PORTLAND, Maine — Firefighters at Portsmouth Naval Shipyard train regularly for industrial blazes, but mandates after a huge submarine fire call for an annual drill that's more extensive than anything done before.
An investigation that followed the USS Miami blaze in May 2012 found that federal firefighters didn't practice for complex and lengthy fires requiring assistance from community firefighters, according to documents obtained by The Associated Press under a Freedom of Information Act request.
That's no longer the case at Navy shipyards.
The first of the new annual drills at Portsmouth Naval Shipyard was held in January. It involved a complicated scenario that tested the ability of sailors, shipyard firefighters and firefighters from four municipal departments to communicate during a simulation for a long fire aboard a submarine, said Lt. Tim Hawkins, a Navy spokesman at the Pentagon.
The Navy wasn't surprised to learn that the shipyard in Kittery, Maine, was capable of bringing together multiple departments successfully to battle a large fire, Hawkins said.
"We were happy that the shipyard demonstrated the ability to handle a major shipyard fire," he said. "But they already demonstrated this with the USS Miami. Their actions were pretty heroic."
It took 12 hours and help from firefighters from as far away as Connecticut to save the Miami after a worker who wanted to go home set a small fire that quickly spread while the submarine was in dry dock for a 20-month overhaul. Seven people were hurt.
The fire severely damaged living quarters, the command and control center and a torpedo room but did not reach the nuclear propulsion components at the other end of the 362-foot-long submarine.
The worker who started the fire with a lighter and a box of rags is serving a 17-year sentence in federal prison. Ultimately, the Navy decided to scrap the submarine when the repair bill grew to $700 million.
During its investigation, a fire panel convened by U.S. Fleet Forces concluded the Navy had become complacent about ship fires during repairs and overhauls because of the rarity of such incidents, the success of fire prevention programs and a false sense of security created by the presence of federal firefighters.
U.S. Sen. Richard Blumenthal of Connecticut, where the Miami was based, has called for a congressional inquiry, something that's supported by all four unions at the shipyard, said Michael Crouse, director of the Professional Firefighters of Maine.
Firefighters are concerned about budget cuts and a regionalized command structure that takes decisions away from the local shipyard commander, among other things, he said. Firefighters warned Navy Secretary Ray Mabus of the dangers of budget cuts three weeks before the Miami fire, he added.
Sens.

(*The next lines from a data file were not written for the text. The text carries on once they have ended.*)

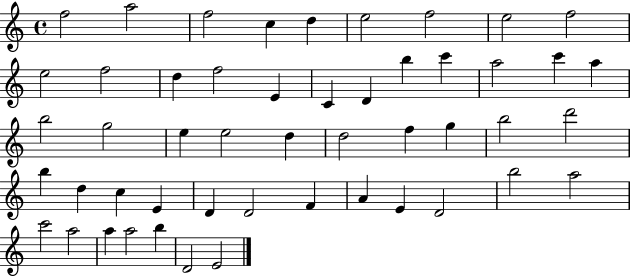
X:1
T:Untitled
M:4/4
L:1/4
K:C
f2 a2 f2 c d e2 f2 e2 f2 e2 f2 d f2 E C D b c' a2 c' a b2 g2 e e2 d d2 f g b2 d'2 b d c E D D2 F A E D2 b2 a2 c'2 a2 a a2 b D2 E2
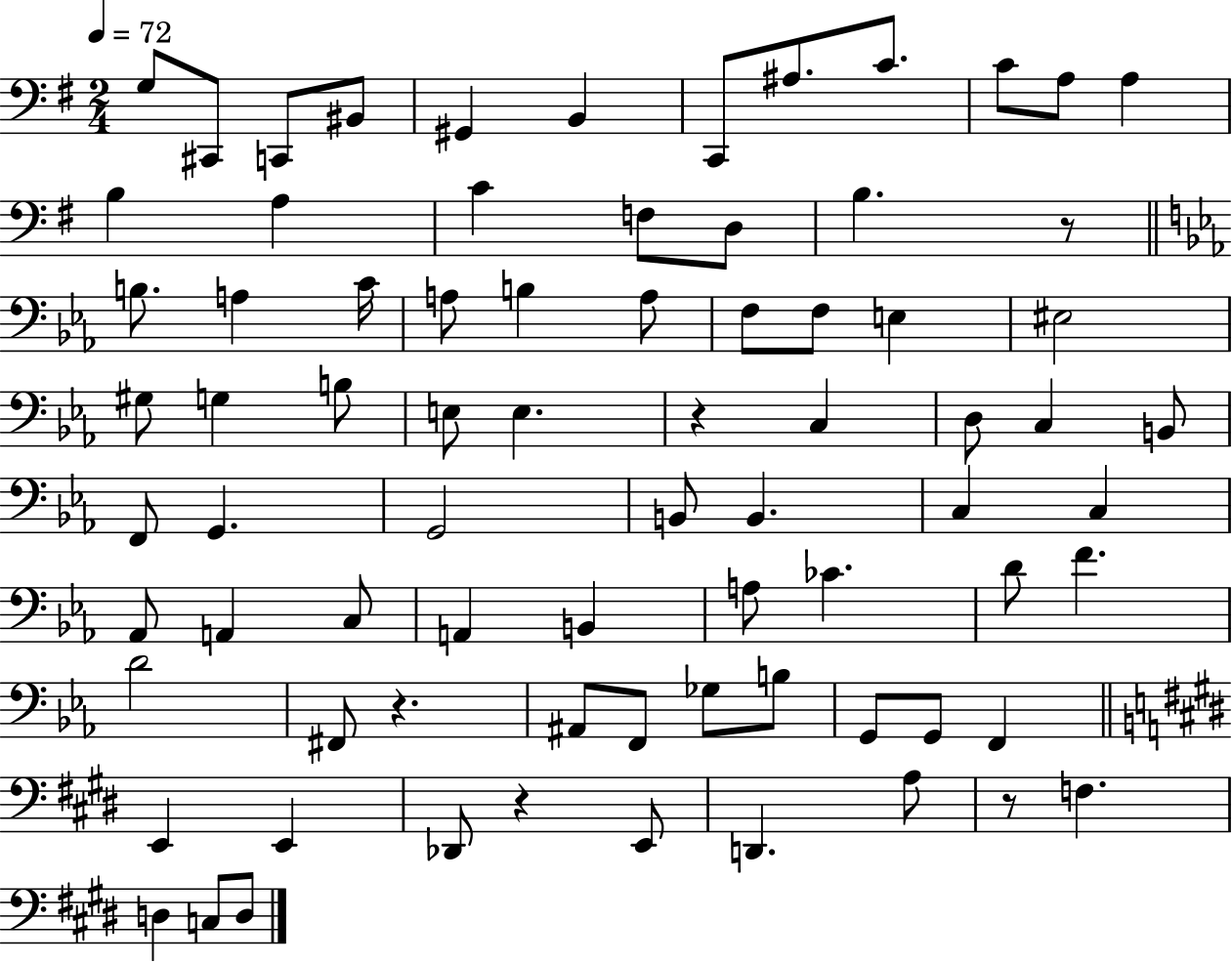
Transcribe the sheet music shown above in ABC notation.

X:1
T:Untitled
M:2/4
L:1/4
K:G
G,/2 ^C,,/2 C,,/2 ^B,,/2 ^G,, B,, C,,/2 ^A,/2 C/2 C/2 A,/2 A, B, A, C F,/2 D,/2 B, z/2 B,/2 A, C/4 A,/2 B, A,/2 F,/2 F,/2 E, ^E,2 ^G,/2 G, B,/2 E,/2 E, z C, D,/2 C, B,,/2 F,,/2 G,, G,,2 B,,/2 B,, C, C, _A,,/2 A,, C,/2 A,, B,, A,/2 _C D/2 F D2 ^F,,/2 z ^A,,/2 F,,/2 _G,/2 B,/2 G,,/2 G,,/2 F,, E,, E,, _D,,/2 z E,,/2 D,, A,/2 z/2 F, D, C,/2 D,/2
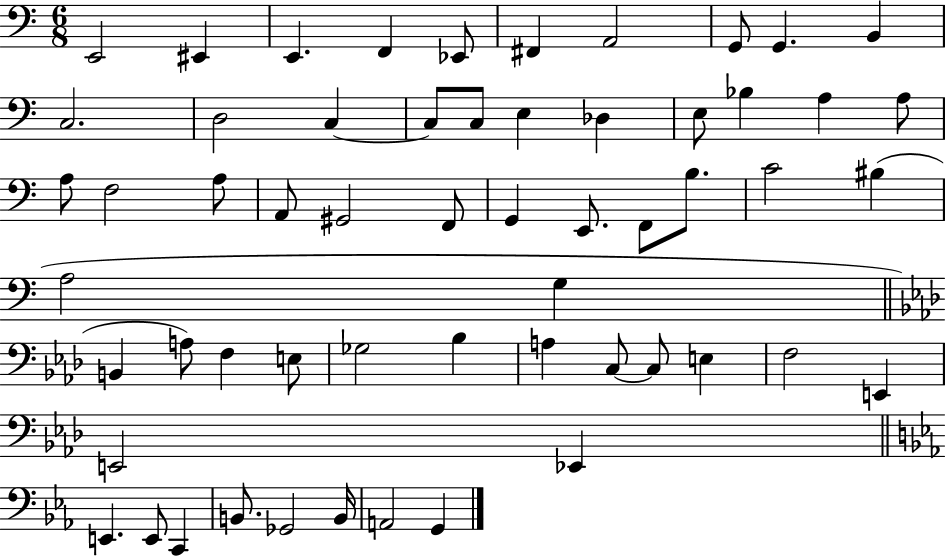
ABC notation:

X:1
T:Untitled
M:6/8
L:1/4
K:C
E,,2 ^E,, E,, F,, _E,,/2 ^F,, A,,2 G,,/2 G,, B,, C,2 D,2 C, C,/2 C,/2 E, _D, E,/2 _B, A, A,/2 A,/2 F,2 A,/2 A,,/2 ^G,,2 F,,/2 G,, E,,/2 F,,/2 B,/2 C2 ^B, A,2 G, B,, A,/2 F, E,/2 _G,2 _B, A, C,/2 C,/2 E, F,2 E,, E,,2 _E,, E,, E,,/2 C,, B,,/2 _G,,2 B,,/4 A,,2 G,,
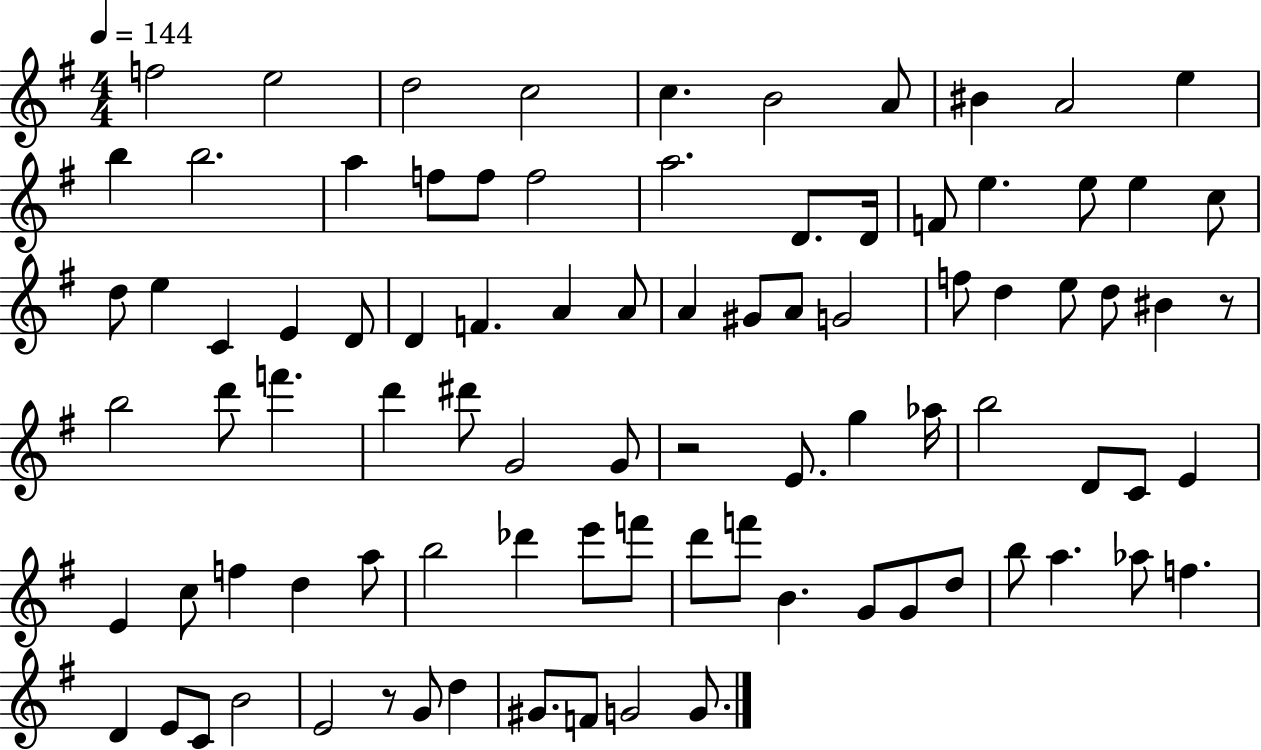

Jeanne Shaheen and Kelly Ayotte in New Hampshire and Sens. Susan Collins and Angus King in Maine have declined to say publicly whether they support such an inquiry.
The Navy blamed itself for failing to incorporate lessons from past fires into training. It also noted there was no required certification for firefighters to be trained in shipboard fires and that firefighters who battled the blaze weren't as familiar with the submarine layout as they wanted to be.
Federal firefighters say they conducted walk-throughs and trained aboard submarines, but the January drill allowed local firefighters to familiarize themselves with the sub layout as well.
"It definitely will help, God forbid if it happens again, to have mutual aid companies have a better idea of what they're coming into," said Mike Melhorn, president of the International Association of Fire Fighters F-123 at the shipyard.
Associated Press writer Jennifer McDermott in Providence, Rhode Island, contributed to this report.